My moral and ethical point of view of the phenomenon.
On Thursday last week, I had the chance to listen to Marcus Shingles CEO of Xprize talking about disruptive innovation and exponential growth.
On a very interesting presentation, full of wow facts and very mind blowing content, he manage to make us feel inspired and very much aware of the depth of the changes we are living on.
As usual on this kind of conference, you can ask some questions and I did. I asked him what about the ethical and moral matters regarding this re-evolution. His answer caught very much my attention; “this is the first questions I get every time I do this conference…”
Before I go deeper on this, my question arose when he was talking about Baxter The Robot and how a $25.000 USD is already changing the manufacturing process, because [guess what] China was one of the major interested player.
So, I asked myself… What if a portion of the labor force of China is replace by robots? What are the cost of that in terms of everything for them and the world? [Because according to the projections, almost 40% of the workforce in the USA will be replaced by machines and up to 60% in Latin American and other countries]
If 20% of China’s labor force is replaced by this type of robots, a 170 million [according to 2013 data] people would be left unemployed. On 2013, the world’s unemployment rate was 6% [today is 5,7%] equivalent to 400 million people. So, if only the 20% is replaced by them we’ll have a 4.25% increase of unemployment rate worldwide. That’s a huge issue!
According to Peter Diamandis and other authors, abundance is where we are heading. This means, that the use of technology will help us find, use and become more efficient about the resources planning and utilization. The thing is that, unless abundance means free living in the future [which would be great, but somehow boring], we still need to be working, earning money to buy things [products robots make] and keep the economy growing.

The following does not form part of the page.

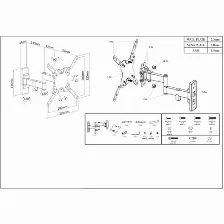 Soporte Manhattan Para Tv Plana De 13pulg Hasta 42, Doble Articulacion, Hasta 20kg, Color Negro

Based on simple facts, the inequality in the world is huge and outrageous. The 1% [<>5%] gets mainly all the benefits of the modern economic model. So, how this disruptive innovation and exponential growth will be accesible and useful for the 99% percent, if throughout history this hasn’t been possible?
You can argue with me that I’m being a bit exaggerated and maybe I am. But, this doesn’t make my reasoning less true.
My only concern is that we become blind to all this sexy looking innovations and forget about the responsibilities that we have toward the humanity in making our planet, not only technologically but also spiritually evolved.
Inequality, unemployment and poverty, are not [isolated] issues, they consequences of a way of living. So, what if this phenomenon is the sexy version of this inequality 2.0?